The conflict has affected several countries, including America’s Gulf allies, which are running out of interceptors to shoot down missiles from Iran.

In a show of support for the U.S. military operation in Iran, Senate Republicans defeated a measure on Wednesday that would have forced President Trump to seek congressional authorization before launching further attacks on the Middle Eastern country.

Earlier Wednesday, the U.S. sank an Iranian warship in international waters with a torpedo fired from an American submarine, said Defense Secretary Pete Hegseth.

“We are just accelerating, not decelerating,” Hegseth said at the Pentagon.

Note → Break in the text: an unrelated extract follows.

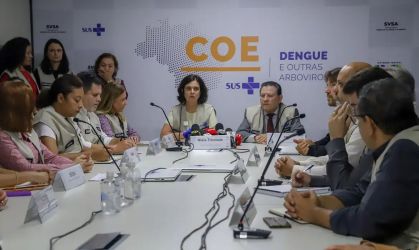 Nísia Trindade e a equipe do ministério da saúde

Israel and Iran stepped up strikes overnight in the region. Israel says it hit Iranian ballistic missile sites in Tehran, as well as Hezbollah-linked targets in Lebanon, while authorities in neighboring Azerbaijan said Iran carried out drone attacks at an airport.

At least 1,230 people have been killed in Iran since the U.S.-Israeli weekend assault on Tehran, including supreme leader Ayatollah Ali Khamenei. At least 11 people have been killed in Israel.

Six U.S. service members have died in retaliatory strikes, according to the U.S. Central Command. They were killed by a drone strike while stationed in Kuwait, according to the Department of Defense.

President Trump has defended ordering the U.S. strikes without congressional approval, saying Iran’s refusal to halt its pursuit of nuclear weapons, combined with a growing ballistic missile program, posed “an intolerable threat.” Trump and U.S. officials have not ruled out sending ground troops into Iran.

The president said that he expects the U.S. military campaign — dubbed “Operation Epic Fury” — to last four to five weeks. But he also said that the United States has the capability to go “far longer than that.”